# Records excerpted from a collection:
————

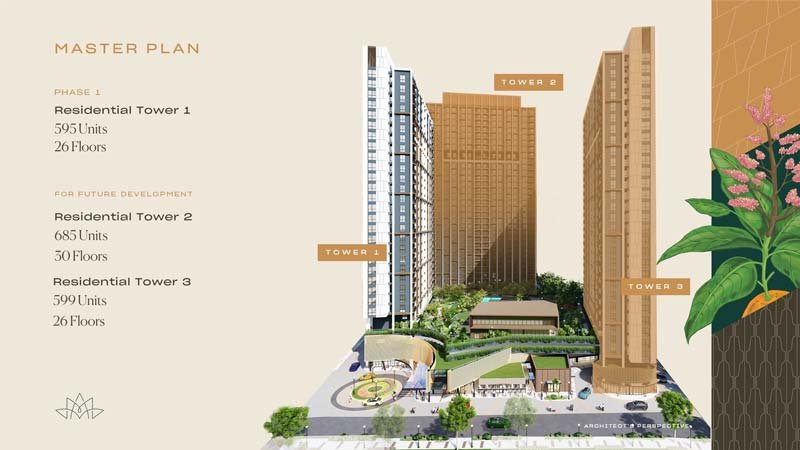 Master-Plan-Mandtra-Residences-Mandaue-2021-Update
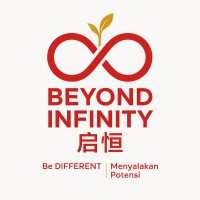 Beyond Infinity 启恒 Team logo - Similar company to Formosa Course Center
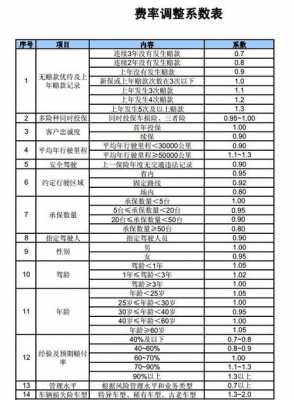 2018商业车险折扣-图3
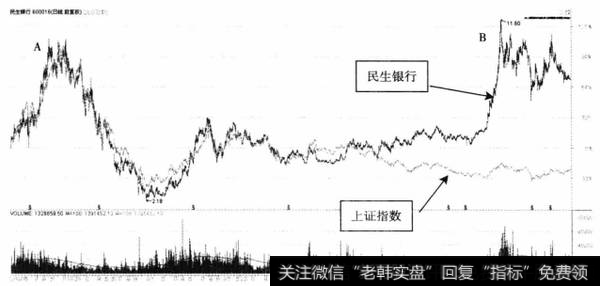 图7-3民生银行、上证指数日K线叠加图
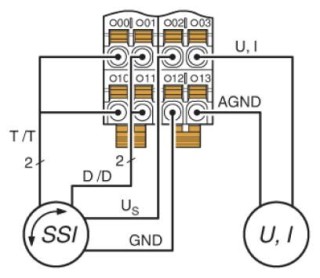 Схема подключения, Пример соединения для датчика SSI и аналогового исполнительного элемента для тока или напряжения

————

# What to do:
Restate the records above word for word. Skip every picture.

# Answer:
 Master-Plan-Mandtra-Residences-Mandaue-2021-Update
 Beyond Infinity 启恒 Team logo - Similar company to Formosa Course Center
 2018商业车险折扣-图3
 图7-3民生银行、上证指数日K线叠加图
 Схема подключения, Пример соединения для датчика SSI и аналогового исполнительного элемента для тока или напряжения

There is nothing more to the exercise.